Segment Start: Records for the exercise
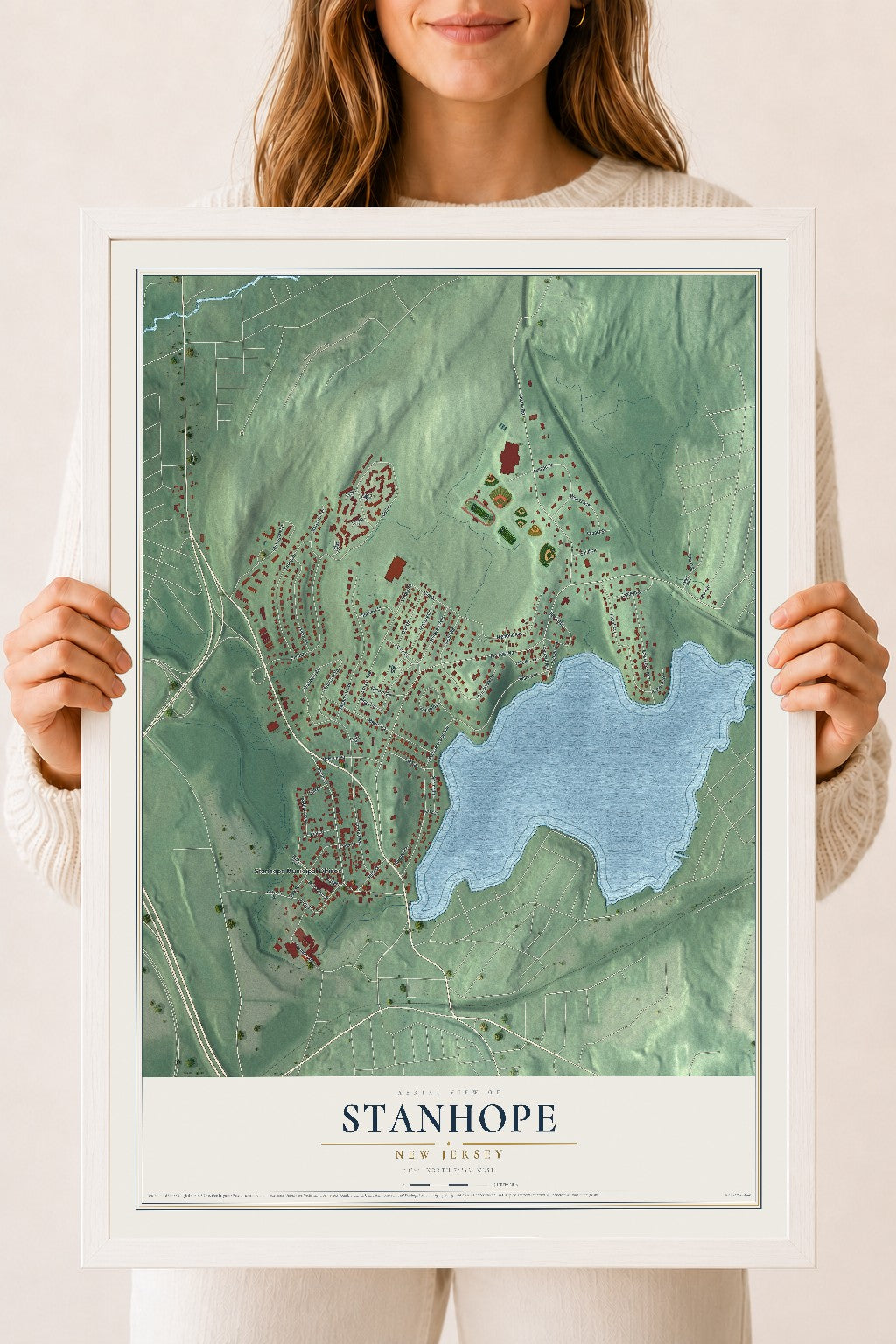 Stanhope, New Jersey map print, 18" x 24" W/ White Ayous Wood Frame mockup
Segment End: Records for the exercise
Segment Start: Records for the exercise
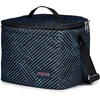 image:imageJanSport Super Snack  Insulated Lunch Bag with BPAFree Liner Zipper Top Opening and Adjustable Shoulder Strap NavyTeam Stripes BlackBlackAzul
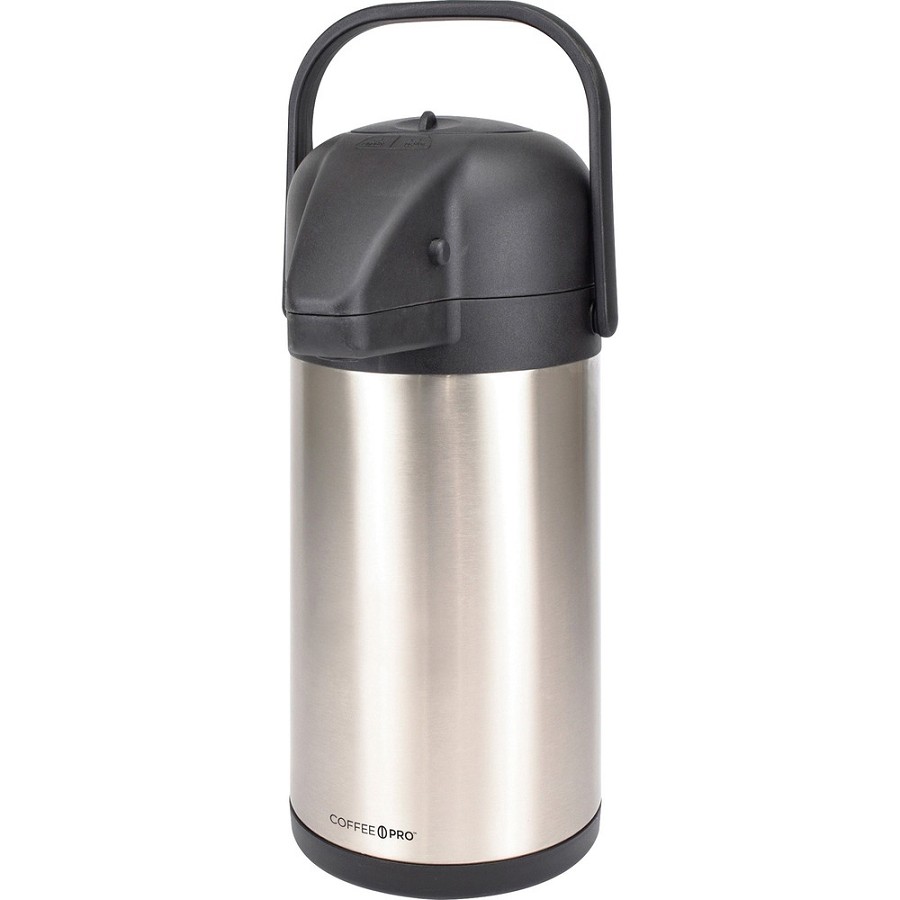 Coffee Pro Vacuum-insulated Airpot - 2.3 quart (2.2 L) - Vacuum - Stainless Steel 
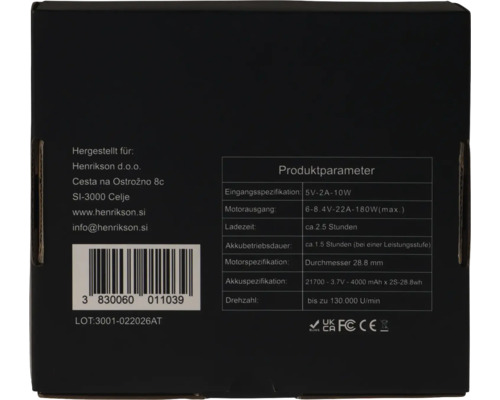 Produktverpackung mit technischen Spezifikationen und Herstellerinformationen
Segment End: Records for the exercise
What should come back is an exact copy of the lines above from the line with "image:imageJanSport Super Snack" to the line with "Produktverpackung mit technischen", both included, minus the pictures.

Task answer:
 image:imageJanSport Super Snack  Insulated Lunch Bag with BPAFree Liner Zipper Top Opening and Adjustable Shoulder Strap NavyTeam Stripes BlackBlackAzul
 Coffee Pro Vacuum-insulated Airpot - 2.3 quart (2.2 L) - Vacuum - Stainless Steel 
 Produktverpackung mit technischen Spezifikationen und Herstellerinformationen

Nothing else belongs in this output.